Sistem Pemilu Tertutup Munculkan Ketidakadilan antar Caleg 

Jelang penyerahan dokumen kesimpulan perkara judicial review UU Pemilu yang menuntut pemberlakuan sistem pemilu proporsional tertutup, Mahkamah Konsitusi (MK) diwanti-wanti untuk tidak menjadi alat politik kepentingan elite.


Direktur Democracy and Electoral Empowerment Partnership (DEEP), Neni Nur Hayati menilai, MK seperti memperluas kewenangannya dengan membuat putusan yang absurd. Kata Neni, secara institusi MK hanya diberi mandat oleh regulasi untuk menguji sebuah Undang Undang.

"Kewenangan MK hanya menguji apakah judicial review bertentangan atau tidak dengan konstitusi. Jika tidak bertentangan ya sebaiknya gugatan ditolak," ujar Neni seperti diberitakan Kantor Berita Politik RMOL, Rabu, 31 Mei 2023.

Menurut Neni, jika nantinya MK benar-benar memutuskan sistem proporsional tertutup, dampak dapat memicu konflik di partai politik. Imbasnya, internal partai yang dirugikan. Sebab, pendaftaran bakal calon legislatif telah usai dilakukan.

"Dan banyak diantara bacaleg juga yang sudah membangun kedekatan dengan pemilih," kata kata Neni.

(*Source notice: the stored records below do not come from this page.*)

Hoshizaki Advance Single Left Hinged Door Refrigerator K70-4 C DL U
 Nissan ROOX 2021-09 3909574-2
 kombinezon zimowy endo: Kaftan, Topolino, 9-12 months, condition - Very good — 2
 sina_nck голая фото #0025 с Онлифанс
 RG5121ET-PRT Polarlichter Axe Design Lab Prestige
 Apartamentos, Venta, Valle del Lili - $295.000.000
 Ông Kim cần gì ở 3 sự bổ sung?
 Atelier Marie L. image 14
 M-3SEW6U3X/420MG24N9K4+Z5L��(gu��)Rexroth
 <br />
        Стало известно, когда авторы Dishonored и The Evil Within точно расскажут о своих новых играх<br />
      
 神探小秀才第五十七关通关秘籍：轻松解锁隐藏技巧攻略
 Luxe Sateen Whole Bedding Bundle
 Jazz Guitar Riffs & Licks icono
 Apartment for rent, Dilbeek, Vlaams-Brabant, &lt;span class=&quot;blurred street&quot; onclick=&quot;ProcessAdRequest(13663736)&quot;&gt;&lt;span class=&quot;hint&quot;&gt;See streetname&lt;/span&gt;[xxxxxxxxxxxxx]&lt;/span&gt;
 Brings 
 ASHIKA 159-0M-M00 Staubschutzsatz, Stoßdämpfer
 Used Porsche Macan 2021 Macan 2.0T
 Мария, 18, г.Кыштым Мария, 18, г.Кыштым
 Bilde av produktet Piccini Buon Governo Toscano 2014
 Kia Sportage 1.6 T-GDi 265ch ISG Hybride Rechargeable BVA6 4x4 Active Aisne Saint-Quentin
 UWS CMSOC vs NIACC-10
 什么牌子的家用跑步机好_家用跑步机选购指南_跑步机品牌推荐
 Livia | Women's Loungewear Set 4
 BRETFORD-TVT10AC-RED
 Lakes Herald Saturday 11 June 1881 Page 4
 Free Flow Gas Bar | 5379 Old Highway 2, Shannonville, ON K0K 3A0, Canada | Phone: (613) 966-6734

Jika MK memutuskan mengubah sistem Pemilu, risikonya, banyak caleg yang mundur di pemilu 2024. Nantinya, para caleg mundur karena tidak punya kedekatan dengan elite dan modal kapital.

"Yang akan terjadi adalah adanya ketidakadilan dan kesetaraan antar caleg. Jika memang benar MK akan mengambil keputusan kembali ke sistem tertutup maka ini menjadi bencana demokrasi," pungkasnya.

Jurubicara MK Fakar Laksono mengatakan bahwa sidang terkait gugatan sistem Pemilu masuk tahap penyerahan kesimpulan perkara. Nantinya hakim MK akan melakukan permusyawaratan untuk memutuskan gugatan tersebut.